YOUR INSTRUCTIONS: Return the following data exactly, with all pictures left out.

SUPPLIED MATERIAL:

____________________

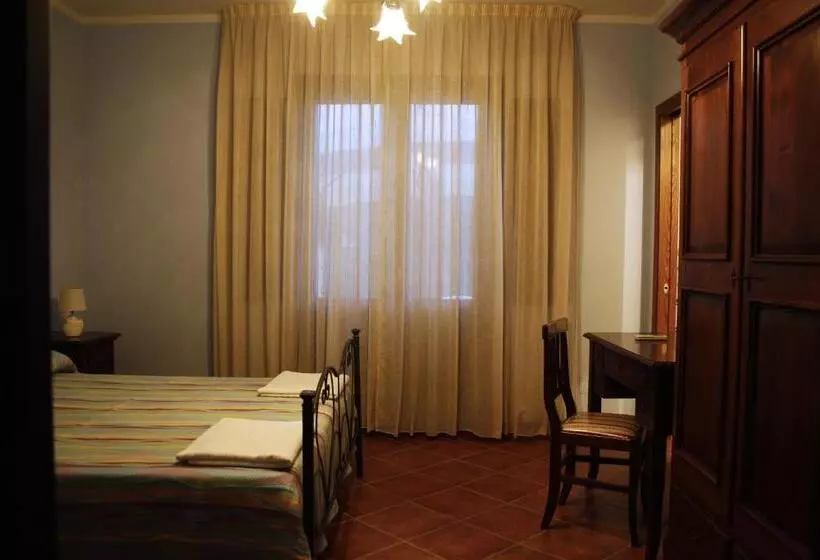 Aamiaismajoitus (B&B) Country House Il Melograno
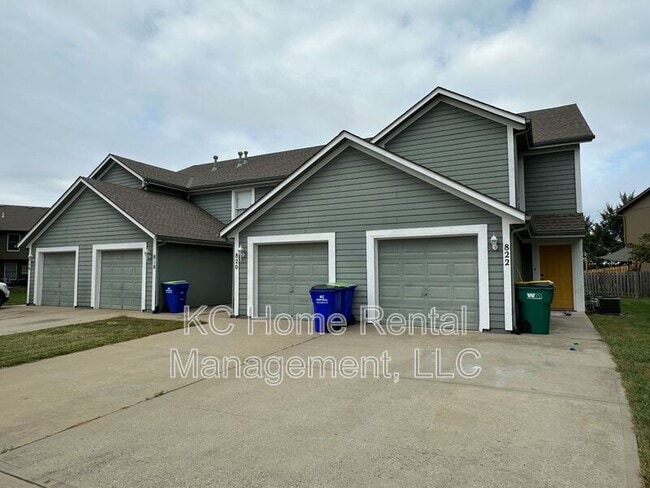 Building Photo - 820 167th Ct
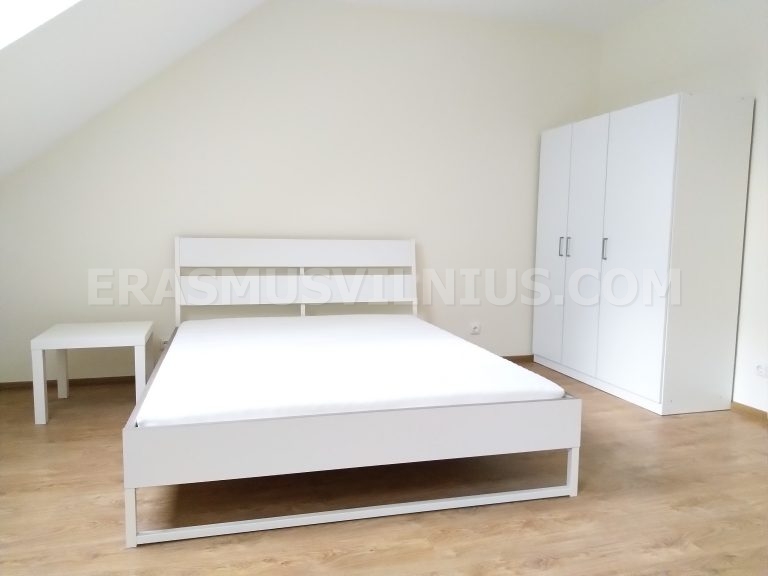 Baño renovado con ducha y accesorios modernos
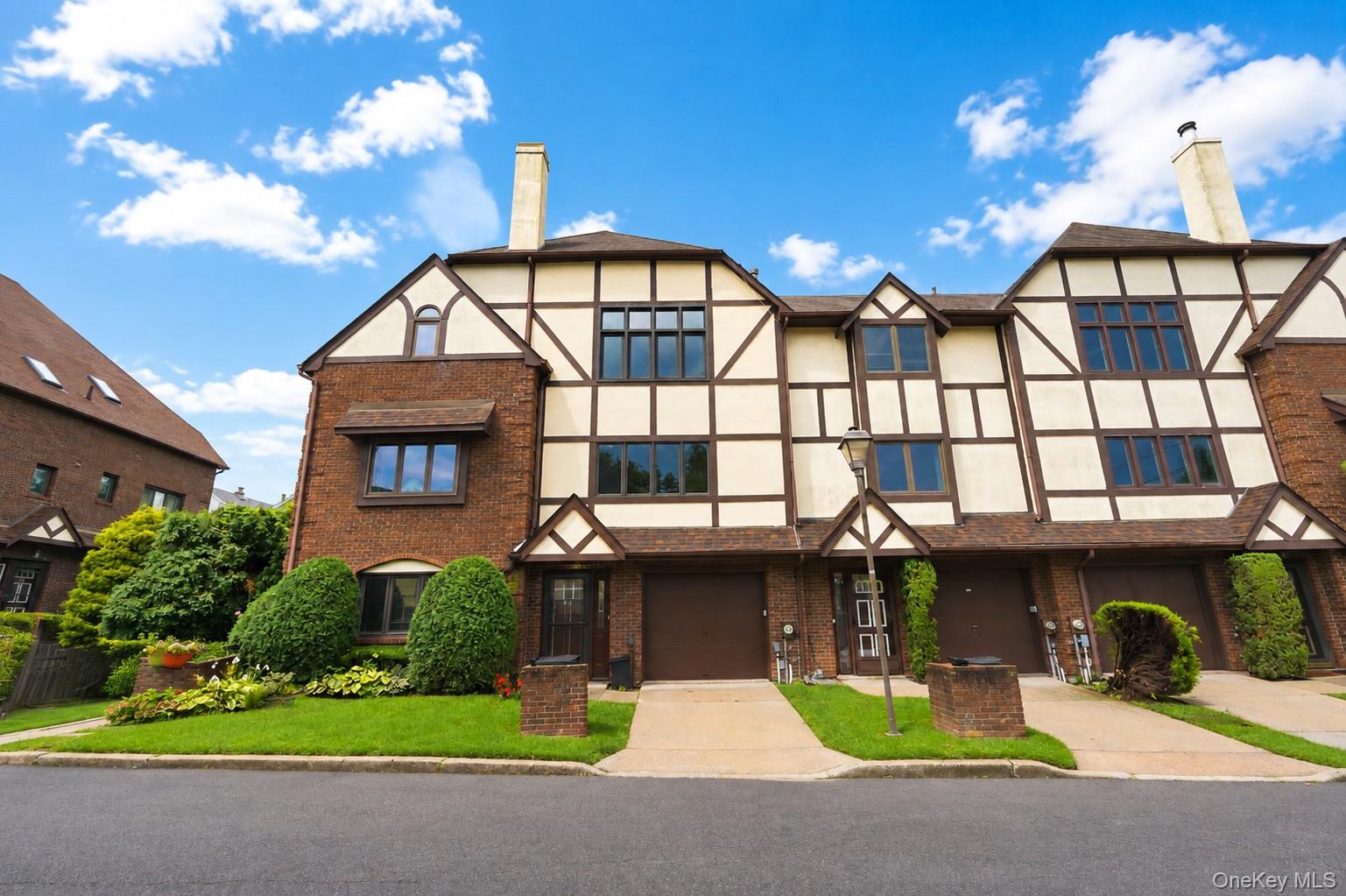 16 Fox Hunt Court — photo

____________________

ANSWER TO THIS PROBLEM:
 Aamiaismajoitus (B&B) Country House Il Melograno
 Building Photo - 820 167th Ct
 Baño renovado con ducha y accesorios modernos
 16 Fox Hunt Court — photo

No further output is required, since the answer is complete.